At least 6,000 students are known to have died in the residential school system, though the exact figure is unknown as few accurate records were kept.
The British Columbia school where the remains were found last month was the largest in Canada, and was controlled by the Catholic Church from 1890 to 1969.
On Sunday, Pope Francis said: “These difficult moments represent a strong call to distance ourselves from the colonial model and from today’s ideological colonising and to walk side by side in dialogue, in mutual respect and in recognising rights and cultural values of all the daughters and sons of Canada.
“Let’s entrust to the lord the souls of all those children, deceased in the residential schools of Canada.

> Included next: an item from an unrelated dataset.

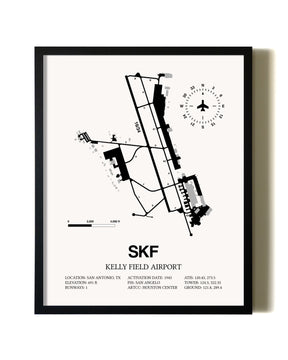 Framed Kelly Field Airport wall art poster in black frame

Let us pray for the families and for the indigenous Canadian communities overcome by sorrow.”
In 2008, the Canadian government formally apologised for the harm that was caused by residential schools, and has since offered compensation to survivors.
In 2017, Mr Trudeau echoed that apology, sincerely apologising for the “dark and shameful chapter” in Canada’s history. He also asked Pope Francis to apologise for the Catholic church’s role in the residential school system, and to make church records publicly available to assist reconciliation efforts in Canada. No such action was taken.
On Friday, Mr Trudeau but said that Canada was “still seeing resistance” and that he was “deeply disappointed” in the position taken by the Catholic Church.
The Anglican, Presbyterian and United churches have all apologised for their complicity in the residential school system.
Established in 2008, the Canadian Truth and Reconciliation Commission aimed to document the history and lasting legacy of the Canadian residential school system on indigenous students, their families and their communities. In 2015, its findings and 94 “calls to action” to achieve reconciliation were published. One of these calls to action is a papal apology.